### Exercise
Restate, in full and unchanged, the entries that follow, but not their pictures.

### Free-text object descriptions
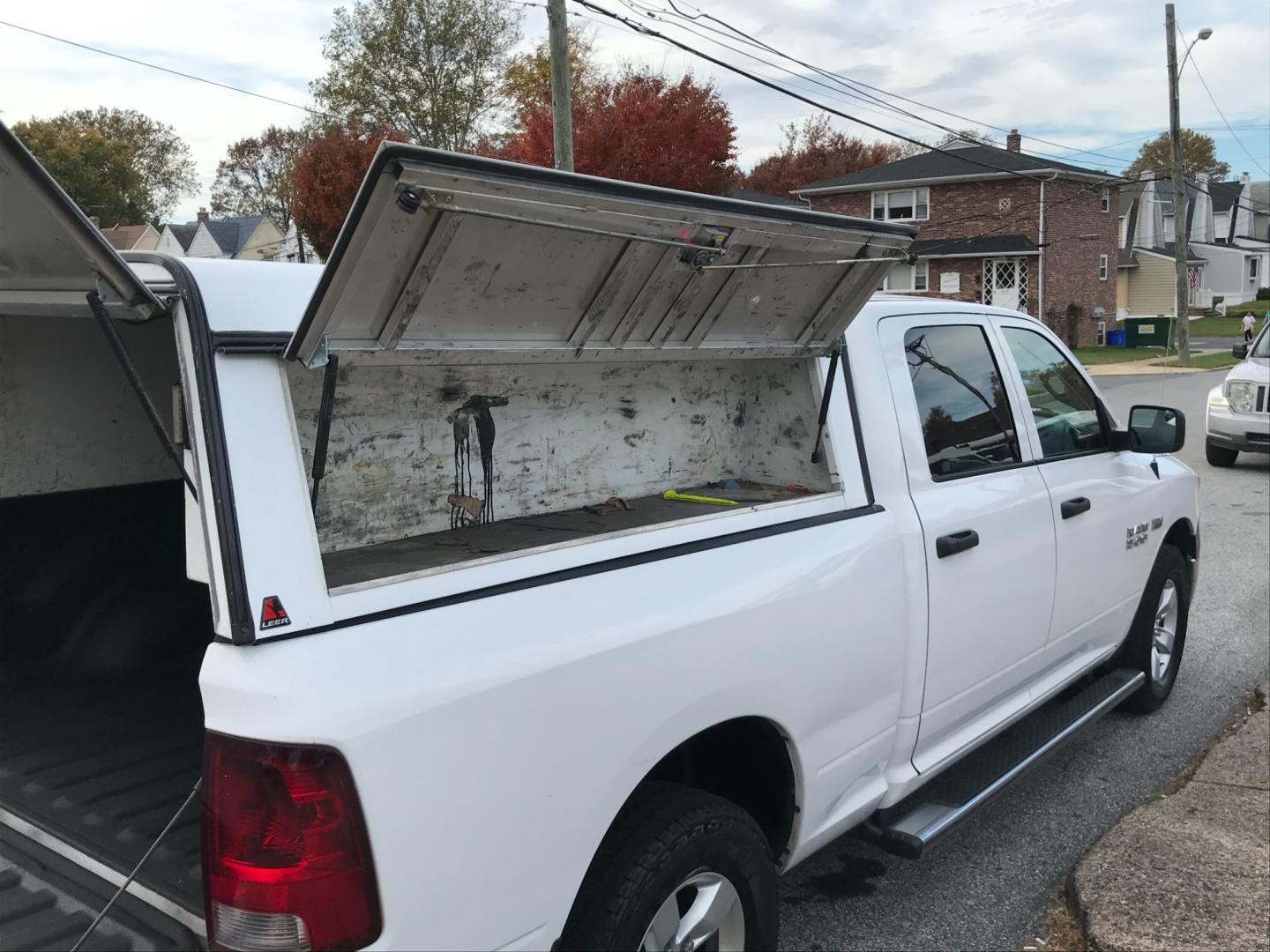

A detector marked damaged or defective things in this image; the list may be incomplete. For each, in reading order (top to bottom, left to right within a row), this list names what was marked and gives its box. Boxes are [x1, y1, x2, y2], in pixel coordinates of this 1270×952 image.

rusty tool in bed [660, 492, 741, 508]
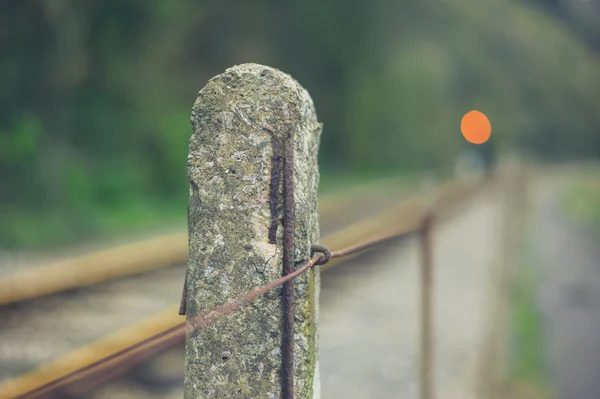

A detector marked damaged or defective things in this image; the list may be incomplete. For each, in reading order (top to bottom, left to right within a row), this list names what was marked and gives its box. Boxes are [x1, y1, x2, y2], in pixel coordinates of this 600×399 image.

rusty wire [10, 222, 422, 399]
rust stain on post [185, 64, 324, 398]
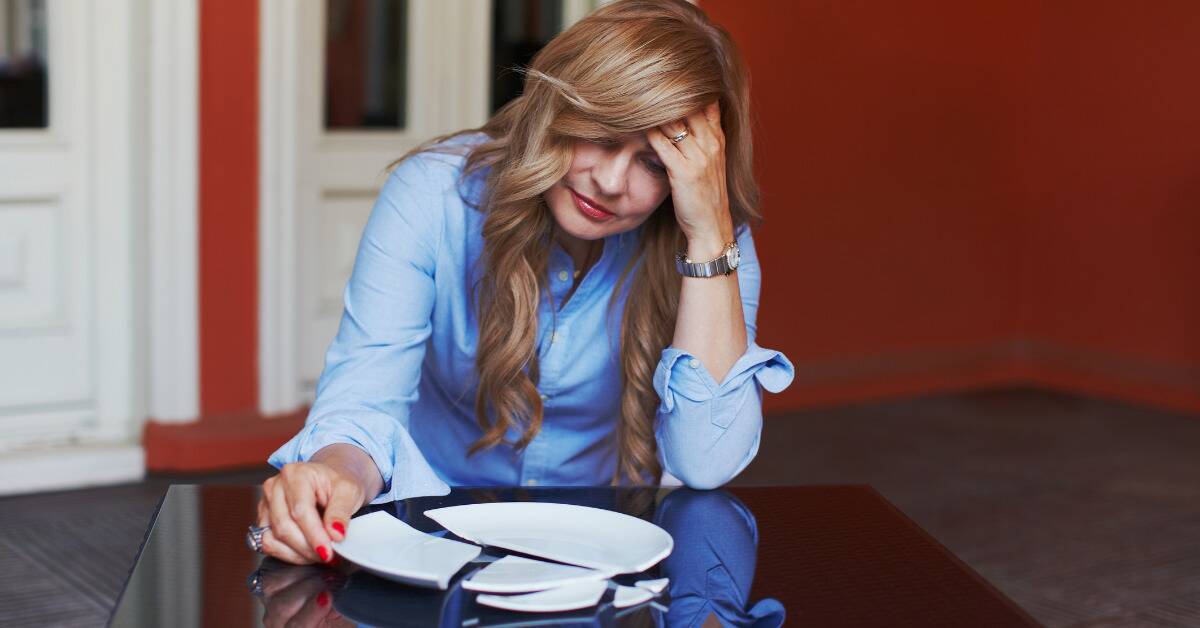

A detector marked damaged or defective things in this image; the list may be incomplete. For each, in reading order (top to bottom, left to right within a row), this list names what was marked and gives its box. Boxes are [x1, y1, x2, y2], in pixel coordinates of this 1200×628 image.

broken white plate [332, 510, 482, 588]
broken white plate [424, 500, 672, 576]
broken white plate [464, 556, 616, 592]
broken white plate [474, 580, 608, 612]
broken white plate [608, 584, 656, 608]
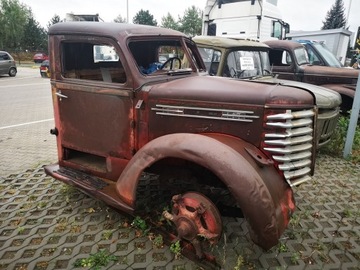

### Answer area
A detector marked damaged or defective things in this image; the list may be incomplete. For each, in reading order (top to bottom, left to right within a row), this list names what was marked and gives its box. Boxes are [x1, y1, x2, y2], in pixel coordinates of this 1270×952 image.

rusty tool in bed [660, 492, 741, 508]

A detector marked damaged or defective things in this image; the list may be incomplete. For each, in reading order (top to bottom, left to right within a row), this list names what was marked and gives its box. Boxes are [x1, y1, x2, y2], in pixel coordinates of this 600×399 image.

rusty wire [10, 222, 422, 399]
rust stain on post [185, 64, 324, 398]

A detector marked damaged or defective things in this image; the list may be incomplete. For each, in reading order (top to bottom, left to right within a row), this list names what was marked and gives its box. Boxes are [x1, y1, x2, y2], in pixel coordinates of this 1200×628 image.

broken white plate [332, 510, 482, 588]
broken white plate [424, 500, 672, 576]
broken white plate [464, 556, 616, 592]
broken white plate [474, 580, 608, 612]
broken white plate [608, 584, 656, 608]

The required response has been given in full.